Native Apps
Native apps live on the device and are accessed through
icons on the device home screen. Native apps are installed through an
application store (such as Google Play or Apple’s App Store). They are
developed specifically for one platform, and can take full advantage of all the
device features — they can use the camera, the GPS, the accelerometer, the
compass, the list of contacts, and so on. They can also incorporate gestures
(either standard operating-system gestures or new, app-defined gestures). And
native apps can use the device’s notification system and can work offline.
Mobile Web Apps
Web apps are not real applications; they are really websites
that, in many ways, look and feel like native applications, but are not
implemented as such. They are run by a browser and typically written in HTML5.

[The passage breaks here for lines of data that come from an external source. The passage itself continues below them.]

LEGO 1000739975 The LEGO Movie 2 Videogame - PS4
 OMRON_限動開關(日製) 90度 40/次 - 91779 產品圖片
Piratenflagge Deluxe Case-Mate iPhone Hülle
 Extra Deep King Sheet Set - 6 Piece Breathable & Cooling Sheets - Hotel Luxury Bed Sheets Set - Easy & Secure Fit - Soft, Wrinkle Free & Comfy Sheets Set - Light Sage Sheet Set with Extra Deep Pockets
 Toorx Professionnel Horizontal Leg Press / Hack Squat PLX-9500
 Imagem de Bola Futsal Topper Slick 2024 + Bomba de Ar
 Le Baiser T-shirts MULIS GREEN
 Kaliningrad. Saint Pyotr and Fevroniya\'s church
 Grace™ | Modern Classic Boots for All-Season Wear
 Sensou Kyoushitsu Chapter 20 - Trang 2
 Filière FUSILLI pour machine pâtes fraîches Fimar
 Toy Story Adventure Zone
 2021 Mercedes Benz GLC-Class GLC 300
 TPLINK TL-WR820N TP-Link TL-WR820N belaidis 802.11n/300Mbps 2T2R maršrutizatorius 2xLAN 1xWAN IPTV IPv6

Users first access them as they would access any web page: they navigate to a
special URL and then have the option of “installing” them on their home screen
by creating a bookmark to that page.
Web apps became really popular when HTML5 came around and
people realized that they can obtain native-like functionality in the browser.
Today, as more and more sites use HTML5, the distinction between web apps and
regular web pages has become blurry.
In 2011 Financial Times withdrew its native app from Apple’s
App Store to circumvent subscription fees and maintain closer connection with
their subscribers. Instead, it came out with an iPhone web app (app.ft.com):
Its web app is, in many ways, hard to distinguish from a native
app. For instance, there are no visible browser buttons or bars, although it
runs in Safari (when accessed from an iPhone). Users can swipe horizontally to
move on to new sections of the app. And, due to browser caching, it’s even
possible to read the newspaper offline.
These are all features that are available in HTML5. Also
available are the GPS, the tap-to-call feature, and, there is talk about a
camera API, although I haven’t seen any web app (or web page) that takes
advantage of it so far. There are, however, native features that remain
inaccessible (at least from now) in the browser: the notifications, running in
the background, accelerometer information (other than detecting landscape or
portrait orientations), complex gestures.
Of course, one can argue that many apps (native or
otherwise) do not take advantage of those extra features anyhow. But if you
really need those native features, you’ll have to create a native app or, at
least, a hybrid app.
Hybrid apps
Hybrid apps are part native apps, part web apps. (Because of
that, many people incorrectly call them “web apps”). Like native apps, they
live in an app store and can take advantage of the many device features
available. Like web apps, they rely on HTML being rendered in a browser, with the
caveat that the browser is embedded within the app.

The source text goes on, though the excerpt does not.